Still holding the Sword together, Ephrael and Lorgar approached Sanguinius. The Daemon Primarch looked up. Even then, at the end, there was no regret in his eyes – only bitter amusement.
"You should have let Us win," he said. "Mark Our words : Our reign would have been kinder than any of the others' will be."
Once again, Lorgar and Ephrael joined their minds and power, and together, they struck at Sanguinius' neck -
- time froze. Reality fell away, as if a curtain had been pulled to reveal the true stage of the universe.

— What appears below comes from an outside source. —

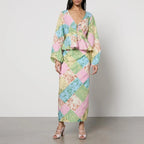 Kitri Floral Colorful Patchwork 90s Style Skirt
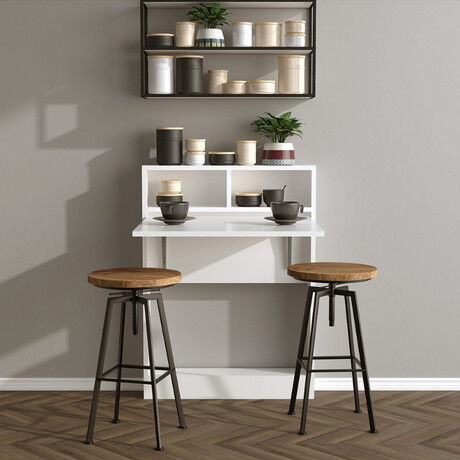 Τραπέζι Επιτοίχιο Πτυσσόμενο Bracke Megapap Χρώμα Λευκό 70x15x96εκ.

Sister and Primarch stood in absolute blackness. In their grip, the Sword shone with the same light as before, but there was nothing for it to illuminate.
Since the end of the War in Heavens and Chaos' inception, none of the Dark Gods had ever been able to fully incarnate in the Materium. This was the reason they used daemons, lesser fragments of themselves that could be called into the physical plane. But now, with its greatest champion Sanguinius having claimed the power of six Exalted Daemon Lords and the Tear of Nightmares stretching all across Sol, Slaanesh stood closer to full-fledged manifestation than any Dark God ever had before. Even then, Slaanesh was still far from incarnation : only Sanguinius claiming the Astronomican and using it to tear a new hole in reality surpassing even the Eye of Terror would be enough for the Dark Prince to manifest in the resulting hellscape, an act that would herald the end of the Great Game and Slaanesh's ultimate victory.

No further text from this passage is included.